── Working data

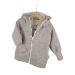 Walkjacke Merinofleece sand mit Fuchsi creme 86/92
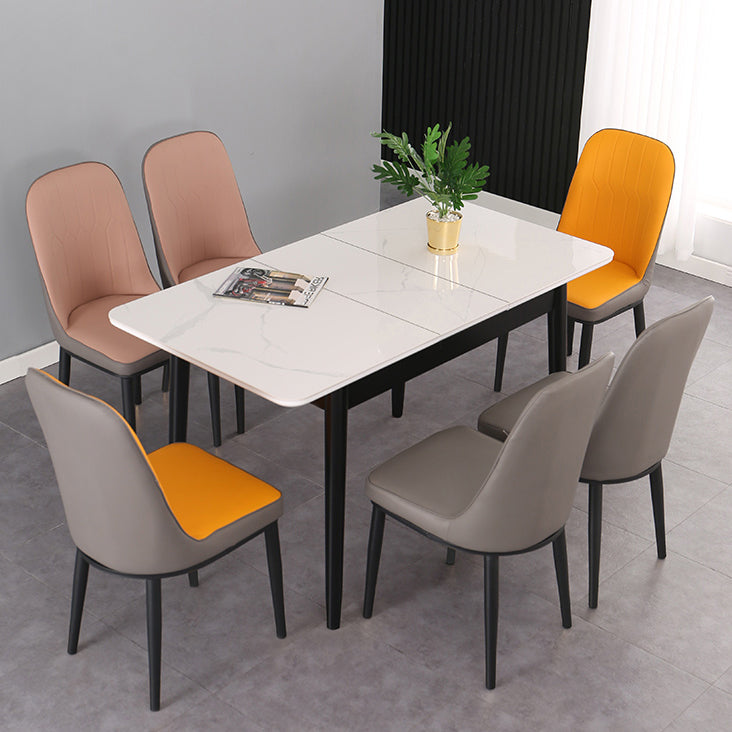 Modern Rectangle Dining Table Sintered Stone Dining Table with 4 Legs,47.2"L x 29.5"W x 29.5"H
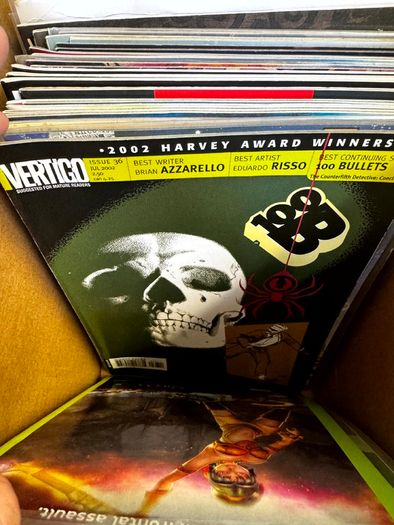 DC, Marvel Long Comic Box w 290 comics for Sale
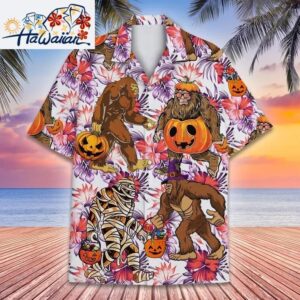 Halloween Bigfoot Hawaiian Shirt Men Women Bigfoot Sasquatch Hawaiian Shirt 1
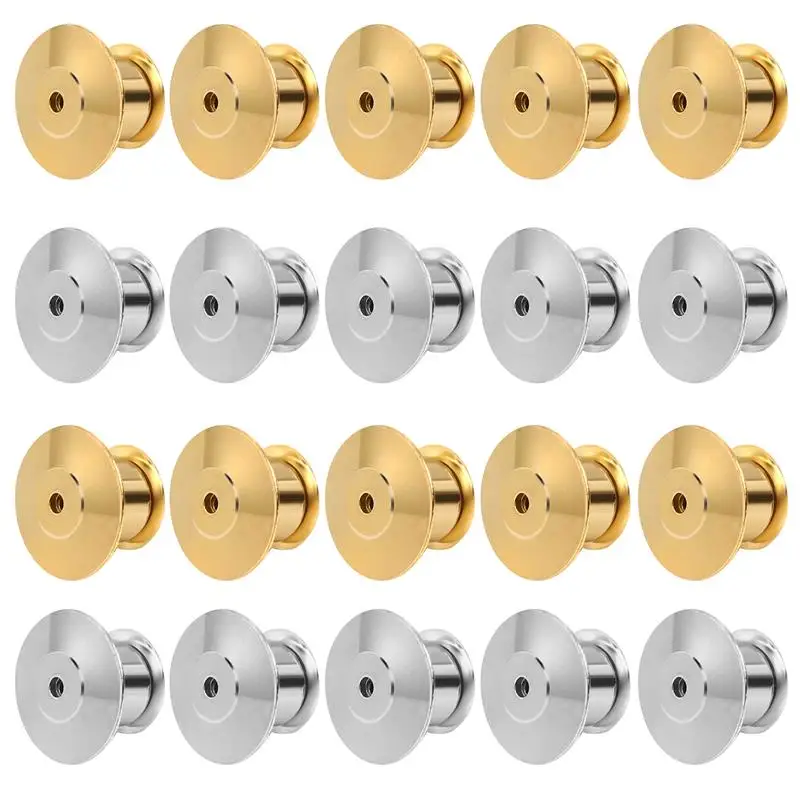 10/20Pcs Metal Locking Pin Back Locking Pin Keeper Clasp DIY Backing Brooch Enamel Lapel Pin Lock Jewelry Findings Accessories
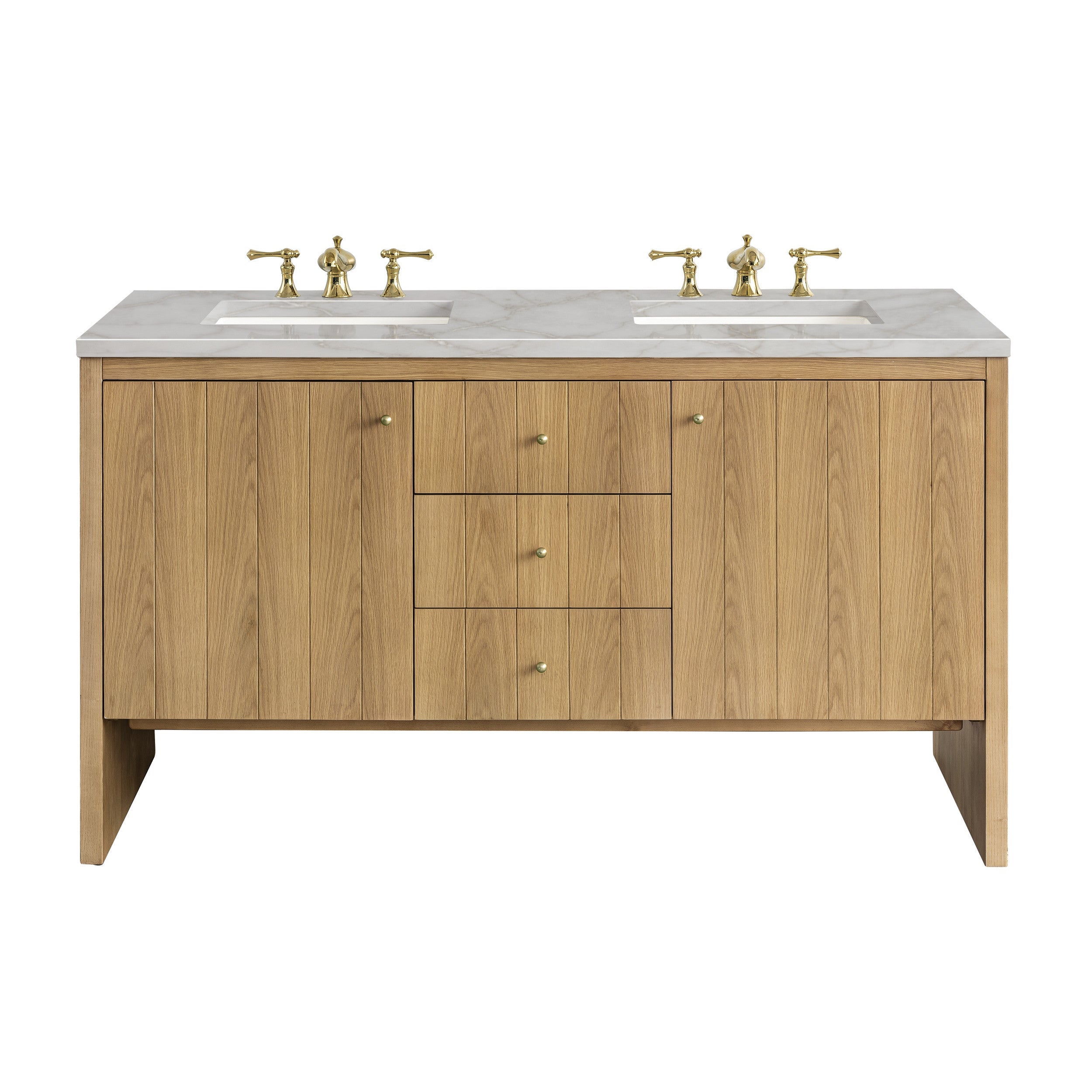 Light Natural Oak / Victorian Silver - 3 Faucet Holes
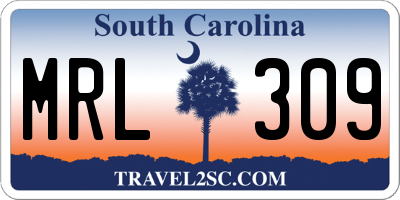 SC license plate MRL309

────

Assignment:
All lines from the start of the entries above through the line containing "Halloween Bigfoot Hawaiian" must be transcribed exactly, both ends included, and no picture may be copied.

Written answer:
 Walkjacke Merinofleece sand mit Fuchsi creme 86/92
 Modern Rectangle Dining Table Sintered Stone Dining Table with 4 Legs,47.2"L x 29.5"W x 29.5"H
 DC, Marvel Long Comic Box w 290 comics for Sale
 Halloween Bigfoot Hawaiian Shirt Men Women Bigfoot Sasquatch Hawaiian Shirt 1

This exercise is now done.